The committee's vice chair, German liberal Moritz Körner, made similar comments.
"We look at different firms and software. So I think Tykelab and RCS Lab could definitely become a topic in the committee," he said.
The investigation by Lighthouse Reports along with media partners Der Spiegel, Domani and Irpimedi , found that both Tykelab and RCS Lab were using surreptitious phone network attacks, and sophisticated spyware, against targets in southeast Asia, Africa and Latin America, as well as inside Europe.
EUobserver was given summary conclusions of those findings ahead of publication, including a snap shot of previously unpublished phone signalling datasets.
The phone-signalling data paints a disturbing picture of surveillance practices that are said to be almost on par with Pegasus, the Israeli software used to infiltrate mobile phones and extract data or activate cameras or microphones.
Such signals expose vulnerabilities in phone networks that in turn give up the locations of phone subscribers.
Although not explicitly highlighted in the Pega inquiry, RCS was still briefly mentioned in a 21 June hearing as part of the spyware industry by Privacy International's Edin Omanovic.

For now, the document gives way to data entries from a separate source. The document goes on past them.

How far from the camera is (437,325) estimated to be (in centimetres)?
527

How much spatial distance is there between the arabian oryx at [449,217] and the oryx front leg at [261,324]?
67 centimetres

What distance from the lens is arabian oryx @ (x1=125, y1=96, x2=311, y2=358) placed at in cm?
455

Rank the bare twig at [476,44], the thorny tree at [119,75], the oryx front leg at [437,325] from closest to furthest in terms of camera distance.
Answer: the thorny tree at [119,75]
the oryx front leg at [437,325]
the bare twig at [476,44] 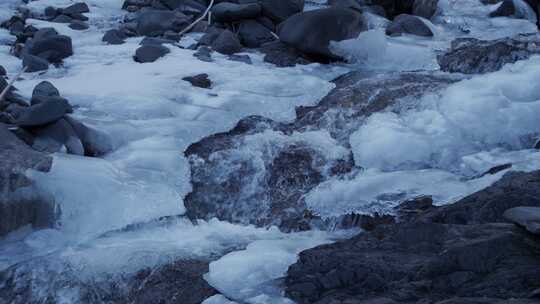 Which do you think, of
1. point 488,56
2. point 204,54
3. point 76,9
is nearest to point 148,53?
point 204,54

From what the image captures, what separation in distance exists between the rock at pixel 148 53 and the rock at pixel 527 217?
4.33 meters

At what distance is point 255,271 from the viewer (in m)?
3.16

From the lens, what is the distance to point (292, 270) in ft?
10.2

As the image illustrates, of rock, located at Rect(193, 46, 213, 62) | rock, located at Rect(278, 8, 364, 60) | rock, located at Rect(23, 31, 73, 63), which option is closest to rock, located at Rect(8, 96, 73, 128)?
rock, located at Rect(193, 46, 213, 62)

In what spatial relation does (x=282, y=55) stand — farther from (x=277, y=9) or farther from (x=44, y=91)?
(x=44, y=91)

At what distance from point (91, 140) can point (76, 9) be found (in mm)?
4450

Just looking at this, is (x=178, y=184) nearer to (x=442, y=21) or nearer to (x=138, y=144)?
(x=138, y=144)

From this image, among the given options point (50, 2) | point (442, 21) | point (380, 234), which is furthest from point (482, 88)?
point (50, 2)

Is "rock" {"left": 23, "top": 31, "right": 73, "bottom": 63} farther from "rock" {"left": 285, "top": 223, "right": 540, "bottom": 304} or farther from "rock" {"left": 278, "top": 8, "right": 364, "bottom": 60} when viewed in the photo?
"rock" {"left": 285, "top": 223, "right": 540, "bottom": 304}

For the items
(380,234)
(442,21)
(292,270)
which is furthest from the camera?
(442,21)

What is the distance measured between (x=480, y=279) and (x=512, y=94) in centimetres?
269

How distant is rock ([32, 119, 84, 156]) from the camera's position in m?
4.27

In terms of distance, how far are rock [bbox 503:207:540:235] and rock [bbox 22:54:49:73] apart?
15.7 feet

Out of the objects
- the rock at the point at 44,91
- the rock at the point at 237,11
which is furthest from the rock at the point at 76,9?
the rock at the point at 44,91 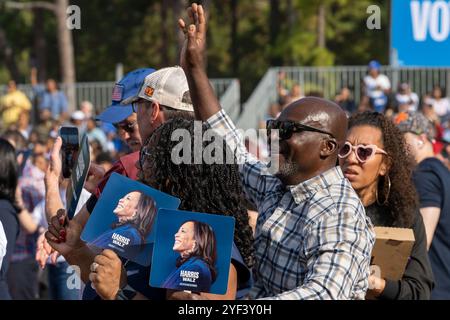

Omanovic at the time said a 2016 analysis had found over 500 firms that sell surveillance technology for government end-users for surveillance.
"They sell a full spectrum of tools ranging from spyware to techniques which take advantage of vulnerabilities in telecomms networks, to spy on people anywhere, to huge internet monitoring tools which sweep up internet traffic on a nationwide level," he said.
There is also a massive regulatory gap and lack of legal redress in case of abuse, said professor Ben Wagner, director of the AI Futures Lab at TU Delft, in comments made at the same hearing.
"We've unleashed an industry that we have not been sufficiently willing as Europeans to regulate," he said.
"Sooner or later this will be misused, whether it's in election campaigns, whether it's in so-called corruption cases," he said.
Firms that make such software often claim it is used to track down criminals or terrorists — including Israel's NSO Group that led to the European Parliament inquiry into Pegasus.
The NSO Group reportedly has active contracts with 12 of the 27 members of the European Union and is now seeking to expand its client base to Nato members, the western defensive alliance of some 30 countries.
But some state actors in the EU and elsewhere are also targeting political opponents and journalists.
The latest scandal ensnared Greek prime minister Kyriakos Mitsotakis earlier this month after it was revealed that state intelligence service EYP tapped the mobile phones of a political opposition leader and a financial journalist who works for CNN Greece.
EYP reports directly to Mitsotakis' office, which has denied any involvement.